Les circonstances étaient elles vraiment exceptionnelles, suffisamment pour justifier ce gel ? Le Conseil d’Etat, saisi par Paul Cassia, un professeur de droit public, n’a en tout cas rien trouvé à y redire.

Contre la « fixation administrative » des taux de l’épargne réglementée

Rapide retour en arrière : cela fait près de 20 ans, depuis 2004, que le principe de la révision automatique du taux du Livret A tous les six mois a été mis en place. Avant cette date ?
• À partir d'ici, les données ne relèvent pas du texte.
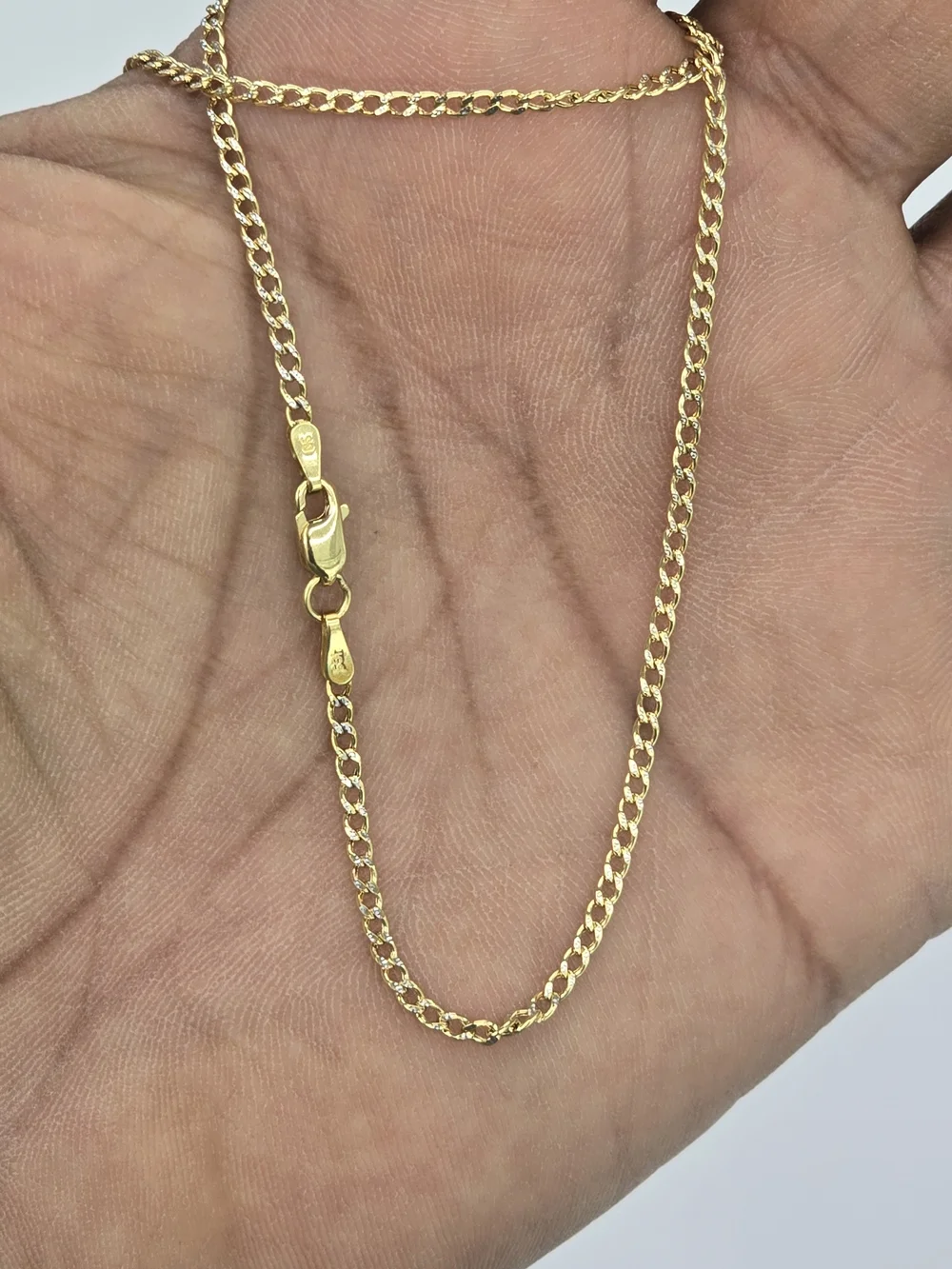 10k Real Gold Cuban Diamond Cut Chain 1.9 Mm 16 Inches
Fixer la rémunération de l’épargne populaire était une prérogative de l’exécutif. De 1818, date de la création du livret, à 1984, elle a été fixée par décret, puis, de 1984 à 2004, par un comité dédié (2). Pour un même résultat : pour l’opinion publique, le taux du Livret A restait un choix politique, piloté par l’exécutif. Résultat : toute baisse du taux le rendait impopulaire auprès des épargnants.
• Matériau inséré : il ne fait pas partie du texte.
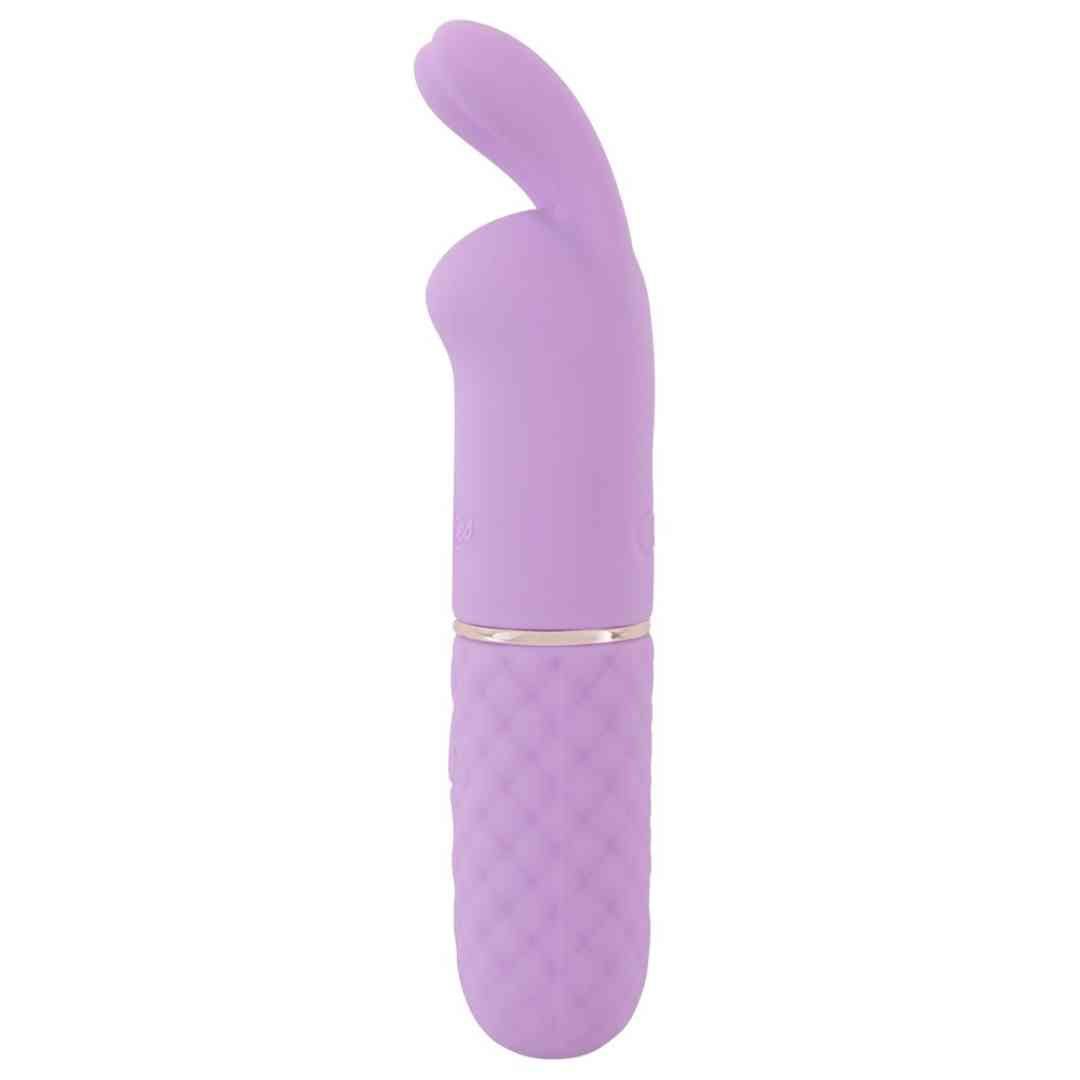 Lila Vibrator, Seitenansicht. Hasenohren-Design, geriffelte Basis, goldfarbener Ring.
C’est notamment pour mettre un terme aux « graves inconvénients liés à la fixation administrative des taux » qu’un rapport (3) commandé par Bercy et signé par Christian Noyer et Philippe Nasse, a recommandé en janvier 2003 d’opter pour une indexation automatique du taux du Livret A. Une proposition mise en œuvre à partir du 1er juillet 2004 par Francis Mer, à l’époque ministre de l’Économie du gouvernement Raffarin.
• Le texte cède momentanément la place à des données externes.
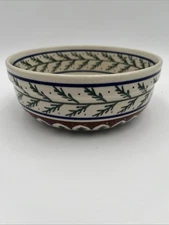 Boleslawiec Polish Pottery Christmas Tree Mixing Bowl 7" Hand Painted Stoneware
Ce dernier, toutefois, n’est pas allé au bout de la logique du rapport Noyer-Nasse. L’exécutif a conservé le pouvoir de déroger à la nouvelle règle, en cas de « circonstances exceptionnelles » donc, et de fixer lui-même le taux, sur proposition de la Banque de France.

La dérogation quasi-permanente

Conçue à l’origine pour trouver le meilleur compromis entre, d’un côté, l’intérêt des épargnants (un rendement « positif », c’est-à-dire supérieur à l’inflation) et, de l’autre, celui des banques et des emprunteurs (une ressource proche des taux du marché pour leurs prêts), la formule de calcul a été ajustée à plusieurs reprises depuis 2003. La dernière en date, en 2018, a clairement fait pencher la balance du côté des banques et des emprunteurs, en supprimant le plancher inflation, soit cette règle qui voulait que le taux du Livret A ne puisse pas être inférieur à l’inflation hors tabac.